Beyah et al. 10 found that a wireless link in a network path of multiple links would cause a more random and temporally different spreading of packets. On this basis, the characteristic of inter-packet spacing was used to detect unwanted wireless traffic on the switch port and decides whether there exists a rogue AP. Wei et al. 11 demonstrated that the inter-arrival time of TCP ACK pairs could effectively differentiate wired and wireless connections and designed two online algorithms to detect rogue APs. Both algorithms used sequential hypothesis test technique and took the inter-ACK times as the input. Burns et al. 12 considered the relay-based rogue AP attack, that is, relaying the traffic through a legitimate AP, and set up a remote server to detect rogue APs by analyzing the user–server and server–user traceroute results. Although a rogue AP could hide the existence of the legitimate AP by tampering the user–server traceroute results, it could not prevent the server discovering the rogue AP from the server–user traceroute results.
It can be seen that this category of detection methods utilizes the characteristics of the traffic in the wired network to perform rogue AP detection and have the advantages of easy data collection, high detection efficiency, and independence of the signal range of rogue APs.
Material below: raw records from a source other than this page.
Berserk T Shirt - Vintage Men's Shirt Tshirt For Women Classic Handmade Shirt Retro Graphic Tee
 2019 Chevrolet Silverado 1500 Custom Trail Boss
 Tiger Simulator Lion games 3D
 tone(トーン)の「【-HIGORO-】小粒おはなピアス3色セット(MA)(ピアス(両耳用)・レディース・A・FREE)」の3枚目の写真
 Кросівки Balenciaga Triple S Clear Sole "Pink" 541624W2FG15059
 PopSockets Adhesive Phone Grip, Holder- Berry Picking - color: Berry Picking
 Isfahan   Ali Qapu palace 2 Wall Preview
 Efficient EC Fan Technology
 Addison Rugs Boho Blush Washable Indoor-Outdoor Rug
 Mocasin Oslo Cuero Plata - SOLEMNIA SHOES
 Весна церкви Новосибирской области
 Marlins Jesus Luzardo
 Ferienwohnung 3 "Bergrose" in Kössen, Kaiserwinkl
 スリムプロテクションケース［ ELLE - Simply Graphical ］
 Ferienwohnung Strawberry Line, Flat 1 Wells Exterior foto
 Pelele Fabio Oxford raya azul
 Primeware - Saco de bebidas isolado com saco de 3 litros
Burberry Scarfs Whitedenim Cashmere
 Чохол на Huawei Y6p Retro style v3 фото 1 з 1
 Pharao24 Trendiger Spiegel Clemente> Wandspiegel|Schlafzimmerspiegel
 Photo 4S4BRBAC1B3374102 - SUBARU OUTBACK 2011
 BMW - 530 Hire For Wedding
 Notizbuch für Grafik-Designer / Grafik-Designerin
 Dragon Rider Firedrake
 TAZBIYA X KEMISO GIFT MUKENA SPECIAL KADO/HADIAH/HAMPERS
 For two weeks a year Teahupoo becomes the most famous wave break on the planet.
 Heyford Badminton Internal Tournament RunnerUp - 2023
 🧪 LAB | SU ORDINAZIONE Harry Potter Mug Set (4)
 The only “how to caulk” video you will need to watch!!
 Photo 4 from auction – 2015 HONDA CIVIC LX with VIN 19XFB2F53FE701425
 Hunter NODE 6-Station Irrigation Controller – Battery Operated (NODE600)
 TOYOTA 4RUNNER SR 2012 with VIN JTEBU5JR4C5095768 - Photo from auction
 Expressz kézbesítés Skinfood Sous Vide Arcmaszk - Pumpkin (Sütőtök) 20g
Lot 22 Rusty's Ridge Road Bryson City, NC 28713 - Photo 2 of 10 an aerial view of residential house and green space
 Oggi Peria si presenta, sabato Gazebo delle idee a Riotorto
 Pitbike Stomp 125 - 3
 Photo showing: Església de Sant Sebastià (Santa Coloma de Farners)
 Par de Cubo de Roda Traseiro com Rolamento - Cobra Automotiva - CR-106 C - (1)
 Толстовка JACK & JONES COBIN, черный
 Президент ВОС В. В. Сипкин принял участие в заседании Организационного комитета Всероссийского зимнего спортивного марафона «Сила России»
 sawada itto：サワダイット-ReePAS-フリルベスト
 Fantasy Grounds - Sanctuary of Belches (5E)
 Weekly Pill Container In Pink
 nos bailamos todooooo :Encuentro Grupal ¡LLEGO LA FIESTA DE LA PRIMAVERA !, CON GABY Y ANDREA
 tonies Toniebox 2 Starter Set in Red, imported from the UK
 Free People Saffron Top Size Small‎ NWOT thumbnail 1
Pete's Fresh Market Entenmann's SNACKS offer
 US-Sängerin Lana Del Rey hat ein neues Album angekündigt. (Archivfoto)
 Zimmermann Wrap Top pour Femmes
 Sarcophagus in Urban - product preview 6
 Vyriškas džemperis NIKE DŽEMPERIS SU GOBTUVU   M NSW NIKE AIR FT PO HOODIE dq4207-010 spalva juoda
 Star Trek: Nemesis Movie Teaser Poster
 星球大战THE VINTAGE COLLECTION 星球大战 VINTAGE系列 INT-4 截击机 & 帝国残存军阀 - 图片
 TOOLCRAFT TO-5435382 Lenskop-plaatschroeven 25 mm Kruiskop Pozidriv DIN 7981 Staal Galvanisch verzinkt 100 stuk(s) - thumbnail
However, these methods can only apply to rogue APs that connect to the Internet through a wired network that can be controlled by the administrator and cannot work if rogue APs use 4G LTE networks to connect to the Internet.
Wireless-side detection
Wireless-side detection is another category of rogue AP detection technologies from the perspective of network administrators. It aims to capture wireless signals and extract some features to achieve rogue AP detection.
Jana and Kasera 13 used the clock skew as AP’s fingerprint to detect rogue APs, and the clock skew was estimated using the time synchronization function (TSF) timestamps in the 802.11 beacon/probe response frames. Lanze et al. 14 considered the effect of temperature on clock skew and proposed a corresponding detection method. Jang et al. 15 developed a rogue AP detection mechanism that used the feature of channel interference. Guo and Chiueh 16 proposed a detection algorithm that leveraged the sequence number field in the link-layer header of IEEE 802.11 frame. In addition to these features, the RSS is the most commonly used location-dependent feature and has also attracted the attention of researchers. 26
Sheng et al. 17 discovered that the RSS values followed a mixture of multiple Gaussian distributions due to antenna diversity and then proposed an approach based on Gaussian mixture models, building RSS profiles for rogue AP detection. Chen et al. 18 used the spatial correlation of RSS and detected rogue APs by performing clustering analysis in RSS. Furthermore, Yang et al. 19 considered that multiple rogue APs were existing in the network and proposed the corresponding solutions. Alotaibi and Elleithy 20 also utilized RSS and proposed an approach based on the random forests ensemble method to detect rogue APs. Zhou et al. 21 proposed a crowdsensing-based approach to detect rogue APs without specialized hardware requirement. The authors designed a grid-based profiling method to build RSS profile with crowdsensing collections and presented a matching algorithm to detect abnormal samples based on the majority voting. Qu et al. 22 considered a rogue AP that was set up in moving vehicles and proposed a detection algorithm based on RSS. The algorithm used RSS to estimate the distance between the rogue AP and the detector and compared it to the distance calculated by the fake GPS location of the rogue AP.
As discussed above, the spatial correlation of RSS can be used to effectively detect a rogue AP that should be at a different location from the legitimate AP, and several RSS-based approaches have been proposed. However, few of them considers the missing RSS values that will significantly affect the effectiveness of rogue AP detection. Hence, in this article, we propose a novel RSS-based approach for PRAPD, reducing the effect of missing RSS values on detection performance as much as possible.
Rogue AP attack
To demonstrate the efficacy of the proposed approach for rogue AP detection, we present the description of the rogue AP attack and related assumptions as follows.
The adversary can use an off-the-shelf device to impersonate a legitimate AP, such as an OpenWrt wireless router or a Linux laptop running the hostapd software. In this article, we assume that the rogue AP attack can be implemented by an adversary with the capability to mimic the configurations of the legitimate WLAN. Specifically, the SSID, BSSID (an identifier that uniquely identifies an access point, and corresponds to the MAC address of the access point), and other configurations of a rogue AP should be exactly the same as the corresponding legitimate AP.
We assume that the adversary sets up a rogue AP after finding a legitimate AP as the target, and the legitimate AP and the rogue AP coexist in the WLAN during the process of the attack, as shown in Figure 1. The rogue AP can increase its signal strength to lure users to connect. We also assume that the rogue AP is deployed in a different location from the legitimate because an unknown device placed near the legitimate AP will easily attract administrators’ attention. In addition, because wireless-side detection is done in this article, we do not care how the rogue AP connects to the Internet. The rogue AP can relay to legitimate APs or use 4G LTE networks.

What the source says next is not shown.